AIM OF THE TASK:
Write the records out exactly as shown. No pictures.

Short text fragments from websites

***

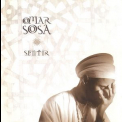 Omar Sosa - Sentir '2002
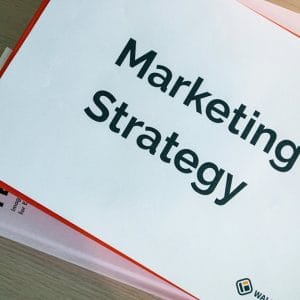 saas lead generation strategies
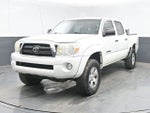 2008 Toyota Tacoma Base V6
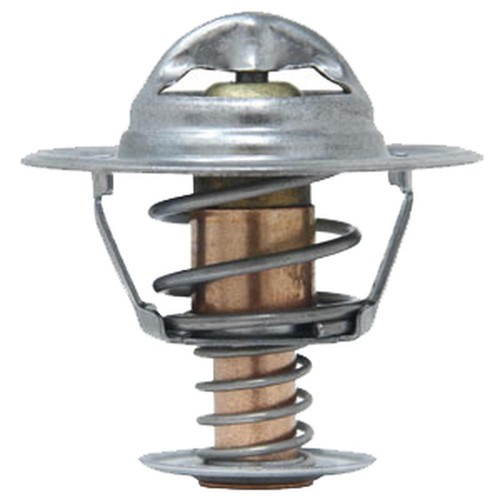 1447384m1 fits massey ferguson - fits,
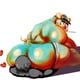 smellyfluffyfur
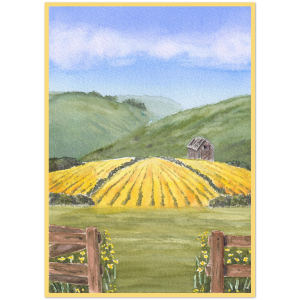 b6c76138-2f60-4a3b-8ff6-933a5ecb2e15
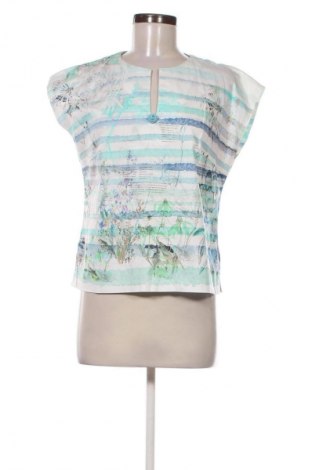 Dámsky top  Unbranded, Veľkosť L, Farba Viacfarebná, Cena  14,91 €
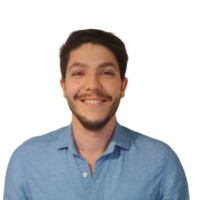 Alexandre Abreu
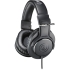 Audio-Technica ATH-M20x Professional Monitor Headphones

***

COMPLETED EXERCISE:
 Omar Sosa - Sentir '2002
 saas lead generation strategies
 2008 Toyota Tacoma Base V6
 1447384m1 fits massey ferguson - fits,
 smellyfluffyfur
 b6c76138-2f60-4a3b-8ff6-933a5ecb2e15
 Dámsky top  Unbranded, Veľkosť L, Farba Viacfarebná, Cena  14,91 €
 Alexandre Abreu
 Audio-Technica ATH-M20x Professional Monitor Headphones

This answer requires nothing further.